ECLI:NL:RVS:2023:2745
Raad van State
- Voorlopige voorziening
- Rechtspraak.nl
Afwijzing verzoek om voorlopige voorziening in vreemdelingenrechtelijke zaak
Op 18 juli 2023 heeft de voorzieningenrechter van de Afdeling bestuursrechtspraak van de Raad van State uitspraak gedaan in een zaak betreffende een verzoek om voorlopige voorziening. De zaak betreft een vreemdeling die een aanvraag had ingediend voor de afgifte van een document dat rechtmatig verblijf als gemeenschapsonderdaan zou bevestigen, welke aanvraag op 10 februari 2022 door de staatssecretaris van Justitie en Veiligheid was afgewezen. De vreemdeling maakte bezwaar tegen deze afwijzing, maar dit bezwaar werd op 8 september 2022 ongegrond verklaard. Vervolgens heeft de rechtbank Den Haag op 6 juni 2023 het beroep van de vreemdeling tegen deze beslissing eveneens ongegrond verklaard. Hierop heeft de vreemdeling hoger beroep ingesteld en verzocht om een voorlopige voorziening.

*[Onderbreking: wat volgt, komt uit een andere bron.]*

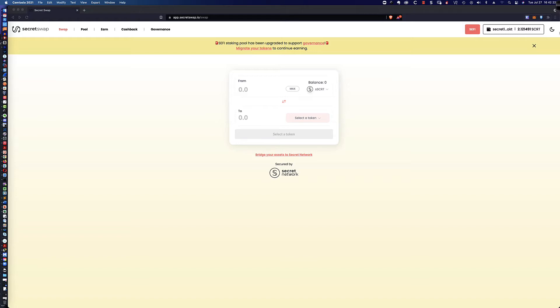The token that's being used for governance with the Secret Network is the CeFi token, S-E-F-I. If you haven't watched any of my previous videos on how to stake your S-E-F-I, I've got links down below so that you can take a look at those.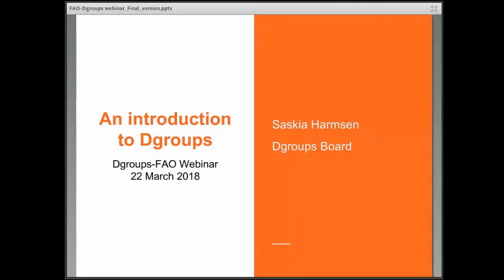I see there's a lot of people that are already very familiar with dGroups. Some might be a little less familiar or have heard about dGroups just briefly, so I want to take this opportunity to give you a little bit more information and hope it's useful for you.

De voorzieningenrechter heeft in zijn overwegingen vastgesteld dat uit het verzoek van de vreemdeling niet blijkt van een spoedeisend belang voor het treffen van een voorlopige voorziening. Gelet op deze overwegingen heeft de voorzieningenrechter het verzoek afgewezen. De staatssecretaris is niet verplicht om de proceskosten te vergoeden. De uitspraak is openbaar uitgesproken en is vastgesteld door mr. A.J.C. de Moor-van Vugt, met mr. E.L. Iedema als griffier.